PEGASUS: A Content-Based Video Retrieval System

Yun Zhai, Jingen Liu and Mubarak Shah

PEGASUS is a content-based video retrieval system developed at the UCF Computer Vision Lab. It is designed for retrieving relevant videos from broadcast news programs given the target topics. It utilizes the content of the videos, such as speech transcript and visual content, for fast indexing and search. It consists of three components: user interface, server and feature index system. The query formulation and result browsing are performed through the user interface. The server component parses the input query, performs the search and ranks the returned results. The index system contains the indexing results of the video features. Two types of relevance feedback mechanisms, automatic keyword generation and region-based visual refinement, have been developed and embedded in the system to improve the searching performance. The system diagram is shown in Figure 1.

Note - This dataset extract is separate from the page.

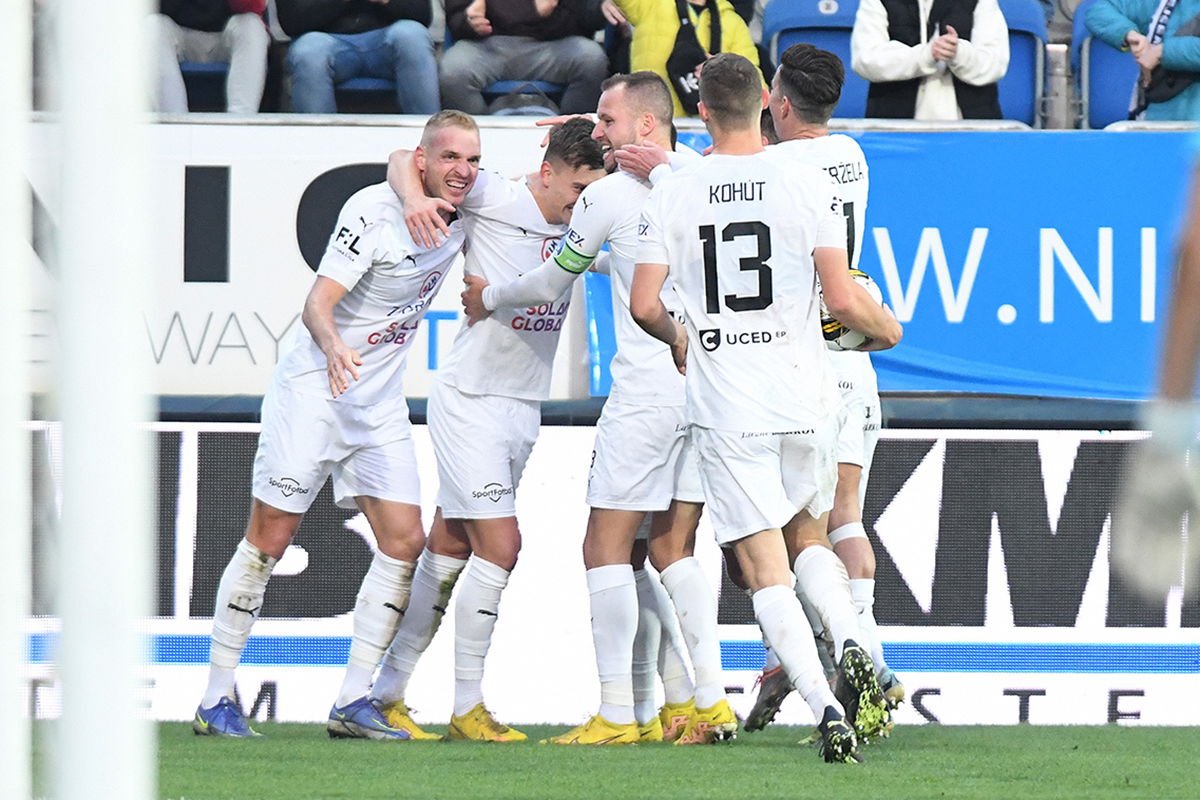 FOTOGALERIE-PARDUBICE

Figure 1. System diagram of PEGASUS with three major components and their functions.

One important feature of the PEGASUS system is to automatically generate the relevant keywords to refine the search query. For different video sets, the initial query formulated based on prior human knowledge often is not strongly related to the topic. By analyzing the user selected relevant video shots, a set of keywords, which are more correlated to the topic, are extracted. The extracted keywords are ranked by their frequencies in the relevant shots to represent their relevance to the search topic. They are used to assist the user to reformulate the search query, which is more relevant and meaningful for the target dataset. The snap shot of the keyword generation is shown in Figure 2.

Figure 2. Interface of the keywords generation. The selected relevant shots are shown in the panel. Both the positive and negative keywords are generated.

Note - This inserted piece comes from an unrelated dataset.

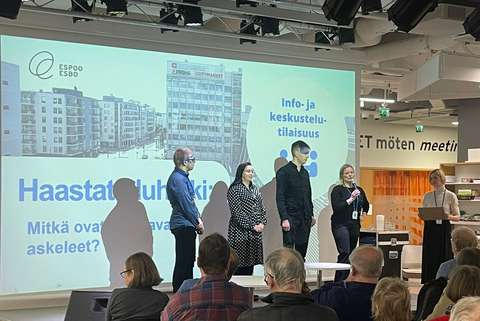 Lavalla haastateltavana neljä ihmistä, lisäksi haastattelija ja yleisöä.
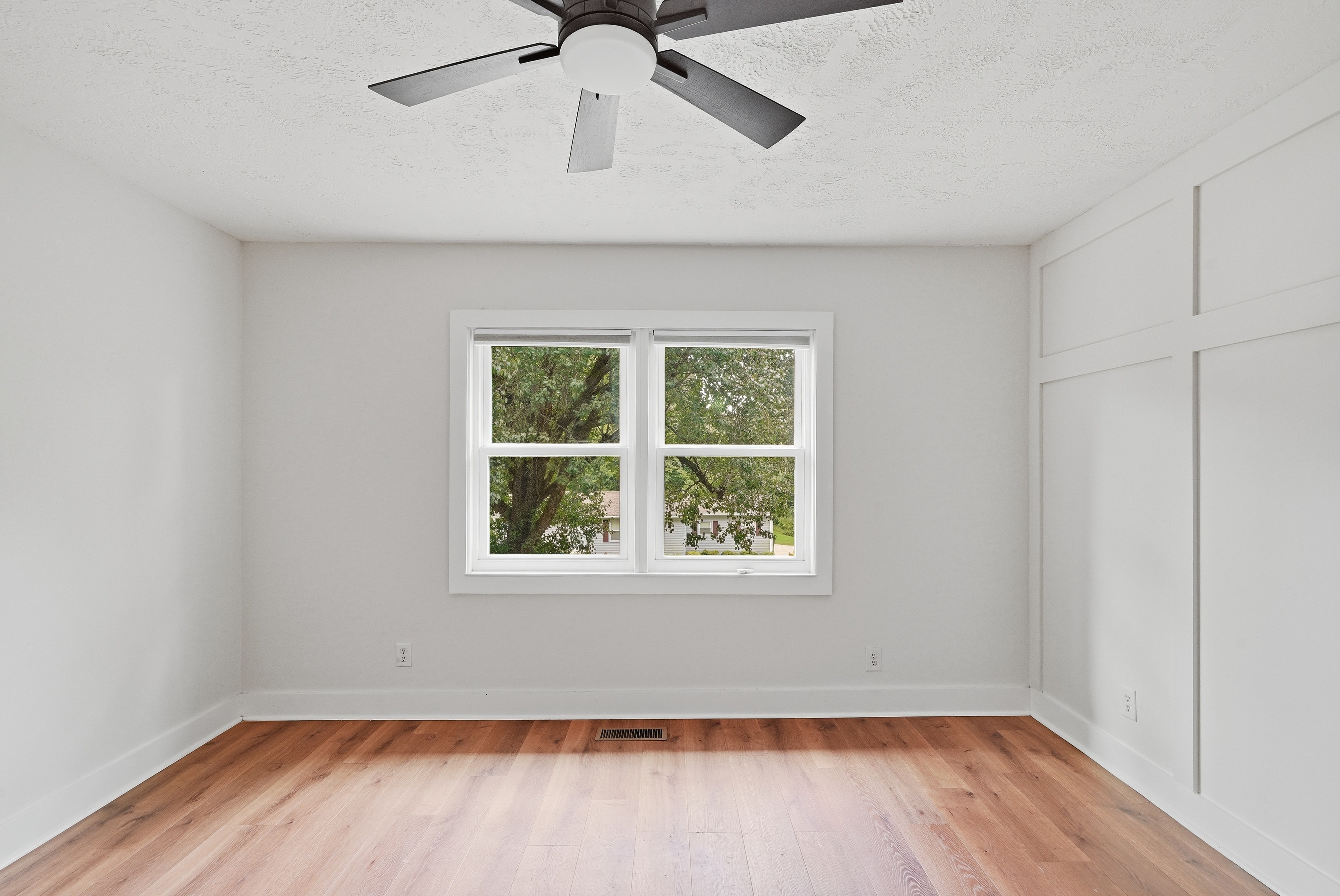 Photo 4 of 29 of 3703 Thrushwood Dr, Chattanooga, TN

Different news networks may broadcast the same news story, but with different narration. In this situation, the visual appearance of the video key-frames becomes an useful cue for finding the similar videos. The second relevance feedback mechanism of the PEGASUS system is based on the analysis of the key-frame regions. After the user decides the relevant shots in the previous round, each region in the selected key-frames is considered as a new query for the new round of search. The returned results are ranked based on the Earth Mover's Distance between the returned key-frames and the query key-frames. One snap shot of the visual refinement is shown in Figure 3.

Figure 3. Results of the visual refinement. The query images are shown in the left panel, each of which is followed by its similar shots.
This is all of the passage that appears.